PROMPT: With the pictures omitted, write out all of the listing exactly.

---+---

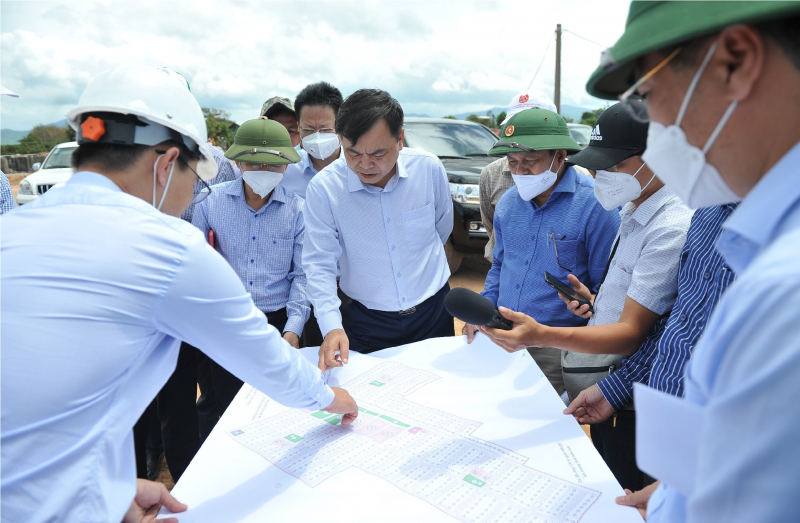 Chốt thời điểm chặn dòng hồ thuỷ lợi nghìn tỷ -0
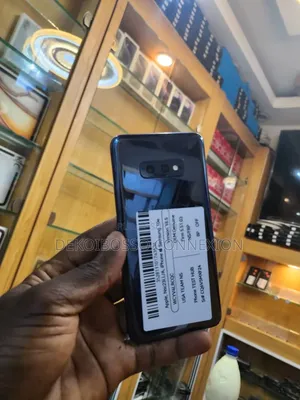 Photo - Samsung Galaxy S10e 128 GB Violet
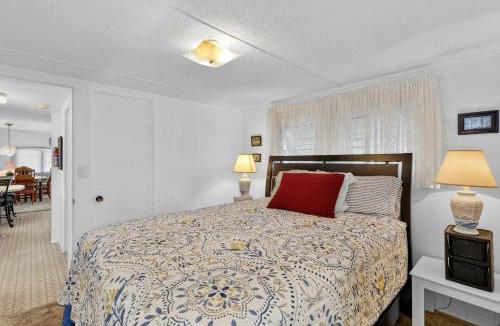 Venice House | Resort Condo with Pool, Walk to Downtown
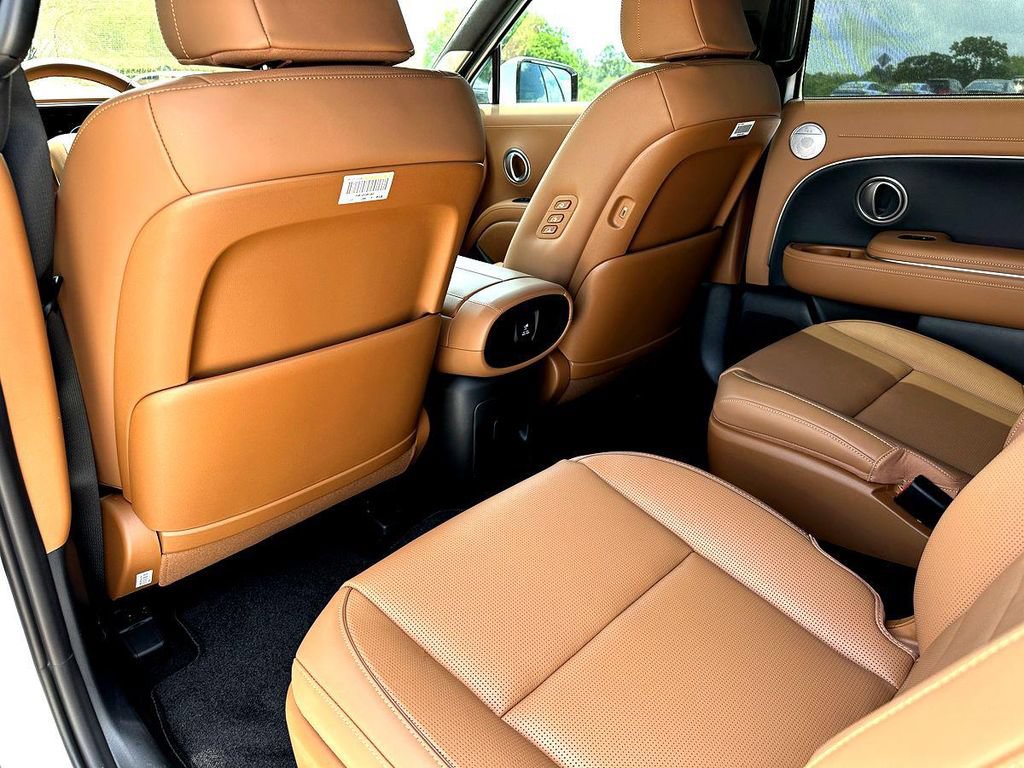 New 2026 Hyundai Palisade Calligraphy FWD image 17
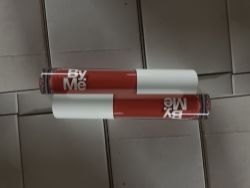 PALLET OF MIXED COLOUR LIPSTICK APPROX 10,000 UNITS AND APPROX 500 MAKE UP BAGS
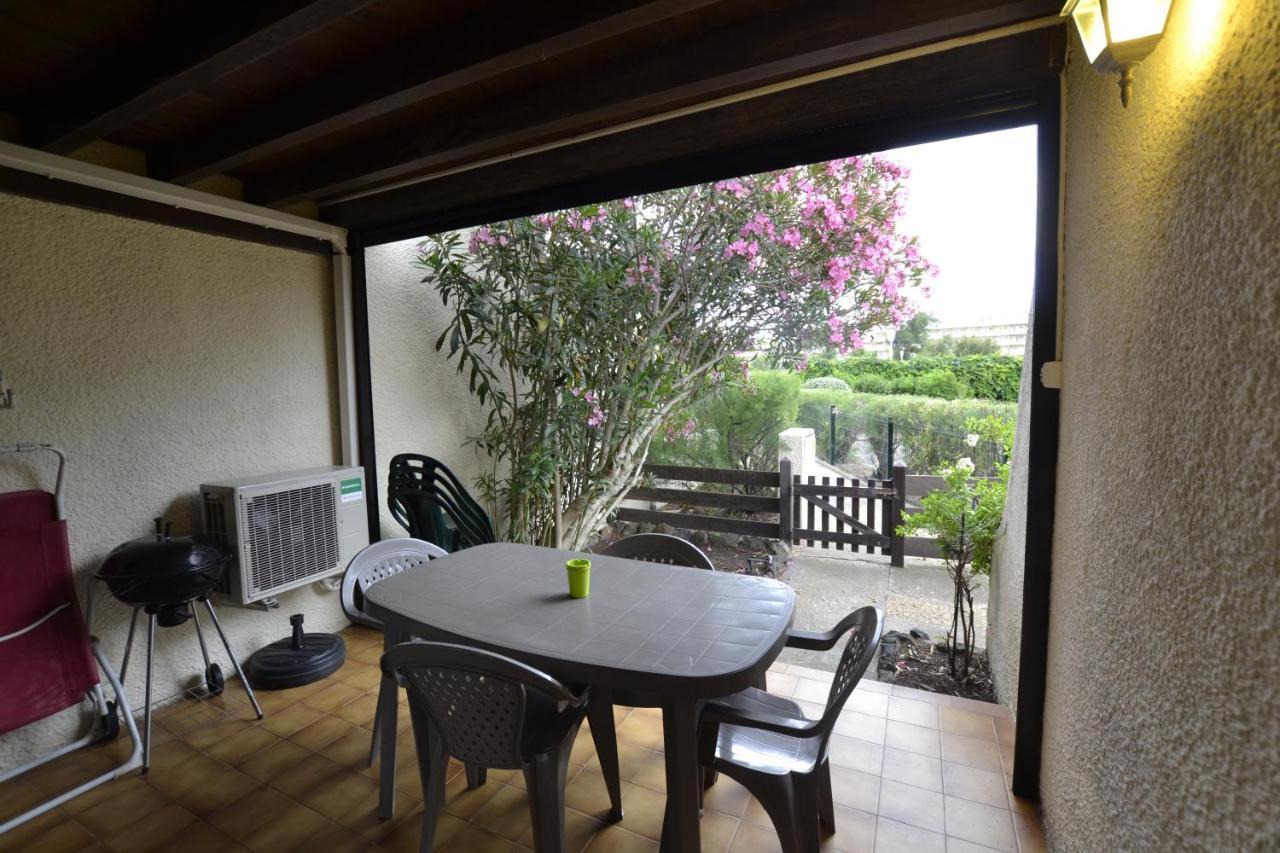 Villa Naturiste "Eden" Heliovillage 105 Agde Bagian luar foto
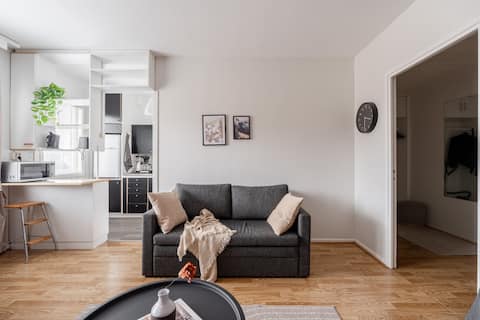 Top Airbnb: Comfy Downtown Studio at Prime Location in Puistola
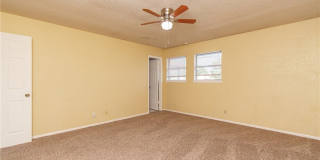 2001 Eisenhower Drive Gallery 14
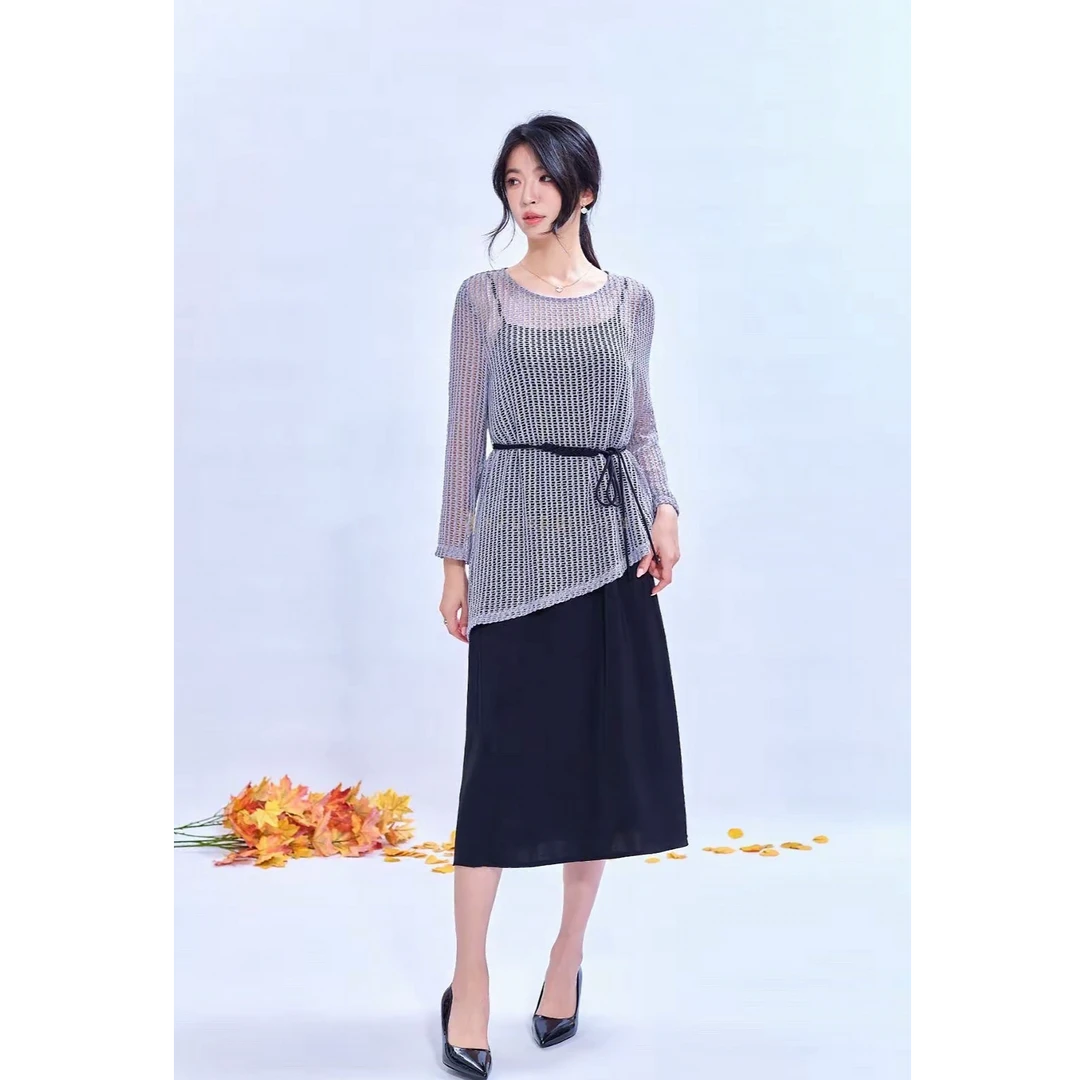 新款时尚镂空优雅圆领衬衫搭长款吊带裙两件TQ126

---+---

RESPONSE BOX:
 Chốt thời điểm chặn dòng hồ thuỷ lợi nghìn tỷ -0
 Photo - Samsung Galaxy S10e 128 GB Violet
 Venice House | Resort Condo with Pool, Walk to Downtown
 New 2026 Hyundai Palisade Calligraphy FWD image 17
 PALLET OF MIXED COLOUR LIPSTICK APPROX 10,000 UNITS AND APPROX 500 MAKE UP BAGS
 Villa Naturiste "Eden" Heliovillage 105 Agde Bagian luar foto
 Top Airbnb: Comfy Downtown Studio at Prime Location in Puistola
 2001 Eisenhower Drive Gallery 14
 新款时尚镂空优雅圆领衬衫搭长款吊带裙两件TQ126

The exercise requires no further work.